INSTANCE_NAME HOST_NAME FAILOVER_T FAILOVER_METHOD FAILED_OVER
------------- -------------------------- ---------- --------------- -----------
orcl2 discus2.macdeoracle.jp
SELECT BASIC NO

SQL>
SQL> !
[oracle@discus1 ˜]$ srvctl status database -d orcl
Instance orcl1 is running on node discus1
Instance orcl2 is running on node discus2
[oracle@discus1 ˜]$ srvctl stop instance -d orcl -i orcl1 -o abort
[oracle@discus1 ˜]$ srvctl status database -d orcl
Instance orcl1 is not running on node discus1
Instance orcl2 is running on node discus2
[oracle@discus1 ˜]$ srvctl start instance -d orcl -i orcl1
[oracle@discus1 ˜]$ srvctl status database -d orcl
Instance orcl1 is running on node discus1
Instance orcl2 is running on node discus2
[oracle@discus1 ˜]$ srvctl stop instance -d orcl -i orcl2 -o abort
[oracle@discus1 ˜]$ srvctl status database -d orcl
Instance orcl1 is running on node discus1
Instance orcl2 is not running on node discus2
[oracle@discus1 ˜]$ exit
exit

SQL> /

INSTANCE_NAME HOST_NAME FAILOVER_T FAILOVER_METHOD FAILED_OVER
------------- -------------------------- ---------- --------------- -----------
orcl1 discus1.macdeoracle.jp
SELECT BASIC YES

SQL>


次回へつづく。



今日、Oracle RACを起動して、MacOSXのOracle Clientから接続した例や、更新系トランザクションのFAILOVERの例を作ろうと思っていたら、なんと、共有DISK(iSCSI)が起動しない。

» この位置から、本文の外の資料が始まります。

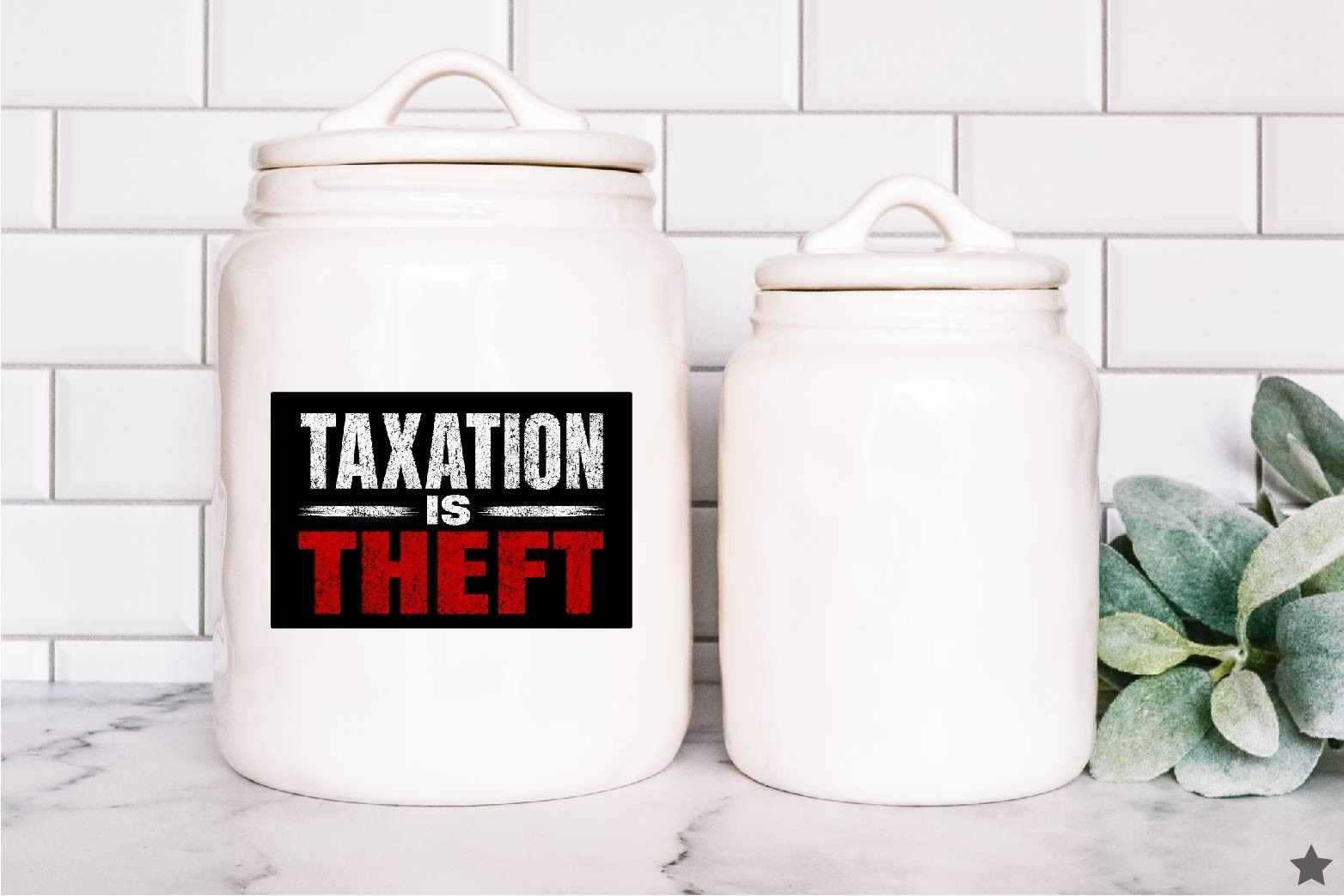 Taxation is Theft Decal Sticker Property Income Gov Protest Anti Socialism Poor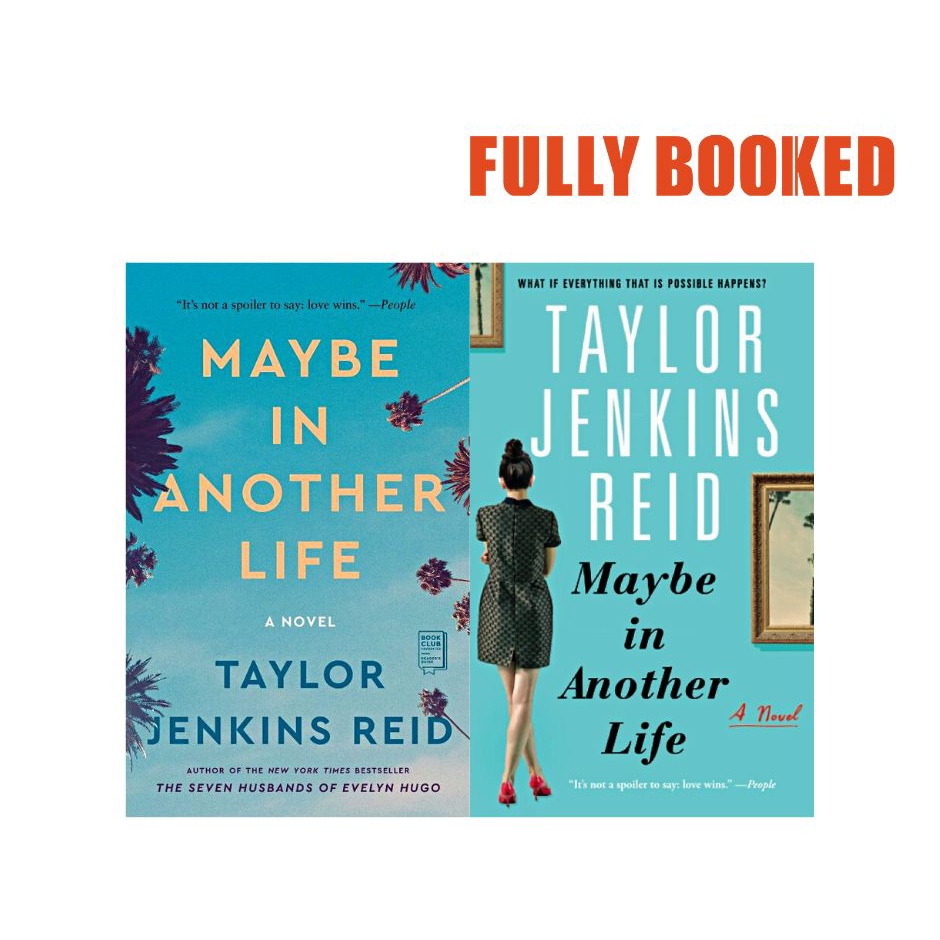 Maybe in Another Life A Novel (Paperback) by Taylor Jenkins Reid Shopee Philippines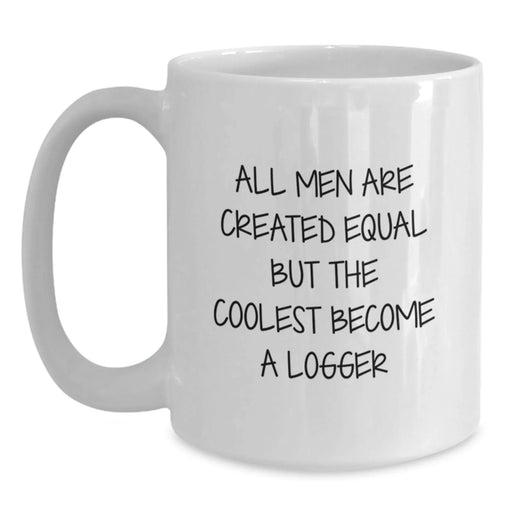 Funny Logger Gifts from Men to Logger Friends - All Men Are Created Equal But The Coolest Become A Logger Quote on White Coffee Mug, Birthday Unique Gifts - Main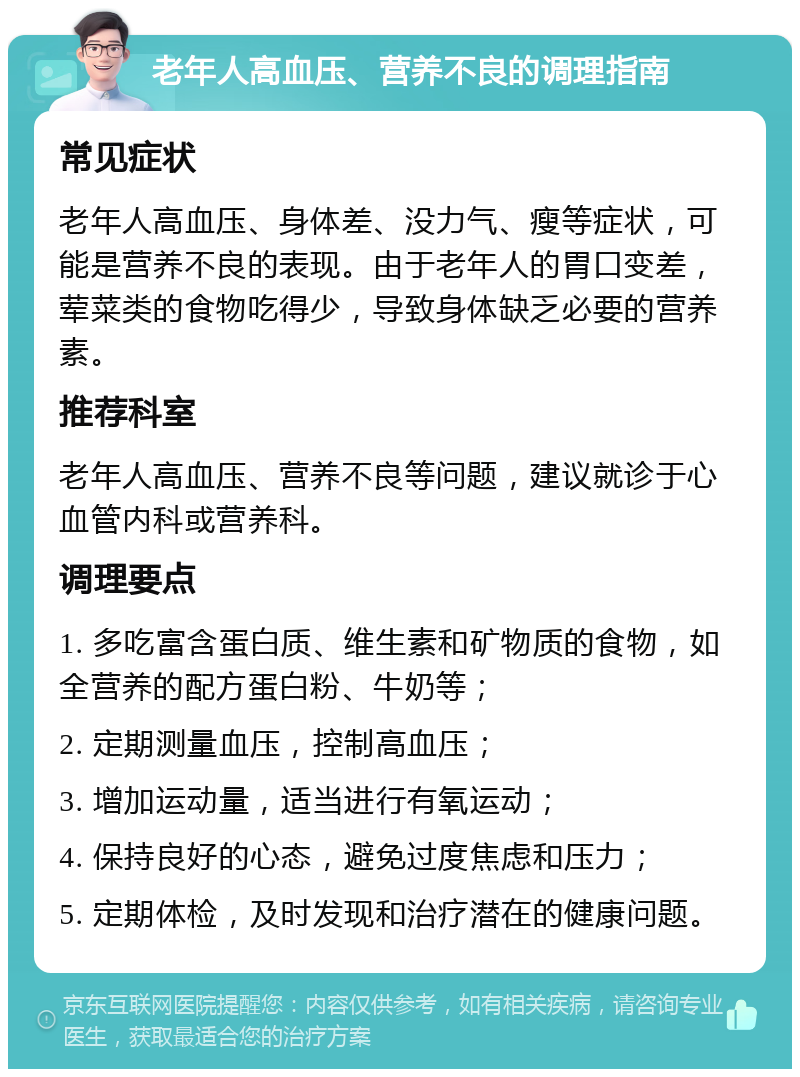 老年人高血压、营养不良的调理指南 常见症状 老年人高血压、身体差、没力气、瘦等症状，可能是营养不良的表现。由于老年人的胃口变差，荤菜类的食物吃得少，导致身体缺乏必要的营养素。 推荐科室 老年人高血压、营养不良等问题，建议就诊于心血管内科或营养科。 调理要点 1. 多吃富含蛋白质、维生素和矿物质的食物，如全营养的配方蛋白粉、牛奶等； 2. 定期测量血压，控制高血压； 3. 增加运动量，适当进行有氧运动； 4. 保持良好的心态，避免过度焦虑和压力； 5. 定期体检，及时发现和治疗潜在的健康问题。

Openfilerの管理画面やコマンドで確認してみても、iscsi-target サービスの起動が失敗している。。。
ということで、10万円 De RACの次回投稿は、環境の回復後ということになってしまった。(いやはや、最悪は再構築か??? まぁ、そうなった場合でもたいした手間ではないのだが。。。。一度、やり直しているし。openfilerのiscsi-targetサービスが起動すれば全ては解決できることなので、もしかすると意外に簡単なことなのかもしれないが。。。) 

何はともあれ、続きは書くのでご安心を。